Posted on 15th November, 2022

As I write this, sitting in a Marden garden at seven on a warm, sunny morning, I’m struck by two things: the noise of commuting traffic on nearby Howland Road and the birdsong competing with it.


There are now plenty of studies that show that birds either sing more loudly, or raise the pitch of their song, to make themselves heard in an increasingly noisy world. The increase is due mainly to the ever-present background sound of rubber on tarmac, and engine noise.


There is a tiny hope, I suppose, that the gradual change to electric power will eventually make a difference, but I'm not holding my breath.
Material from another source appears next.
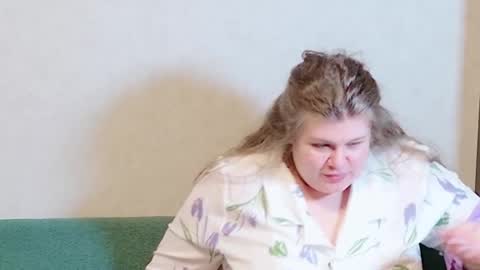 Snapshot of love_wiggy18 chatting on 01/21/25, 12:39 Ally online show from 01/21/25, 12:39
Perhaps it’s my modern hearing aids are so effective at amplifying all the surrounding sound that it’s difficult to discriminate between the birds and the traffic.


But I’m actually impressed with the number of species I can hear – twenty-five and counting. No doubt there are one or two more whose song is too high-pitched for a man whose ears are past their prime!
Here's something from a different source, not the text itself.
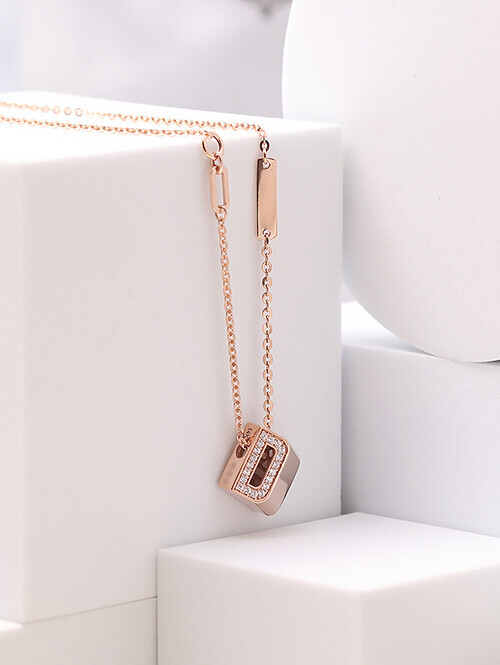 14K 18K 디아고 D 스퀘어 목걸이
The most noticeable are two of our most hard to see species - wren and blackcap. It's no coincidence, perhaps, that they feel the need to advertise their presence at top volume, often from a high point in the garden to make themselves even more noticeable to females or rival males. But they adopt that tactic at their peril. The most effective garden predator (apart from the owner’s moggie) is the sparrowhawk – that generally only advertises its presence by the pile of plucked feathers left on the lawn.
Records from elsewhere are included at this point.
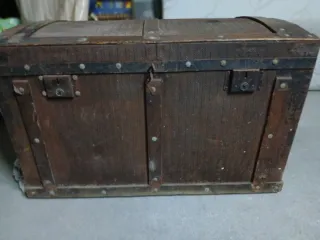 Baúl antiguo madera y metal 1900 y 1920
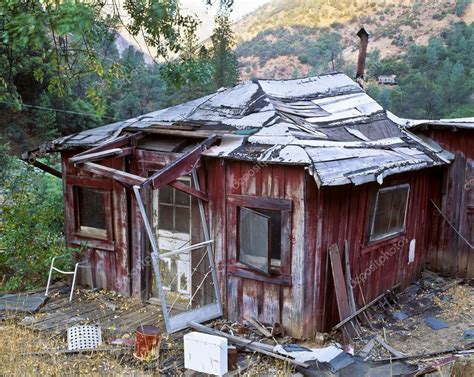 Abandoned and rundown house. — Stock Photo © gregepperson #5546202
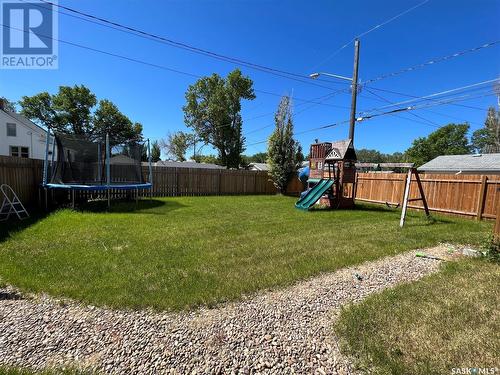 276 5Th Avenue Se, Swift Current, SK - Outdoor With Backyard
It’s fair to say that, for me, the garden wouldn't be the same without the blackbird, song thrush, robin and dunnock, our resident songsters. Their normally loud song adds a degree of challenge if I am trying to isolate the calls of other species, but that just adds to the fun and helps to stop me focussing on the ever-present scourge of traffic noise – oh, and a passing rush-hour train on a rail strike day!


In fact, at times like this I’m more of a bird listener than a bird watcher.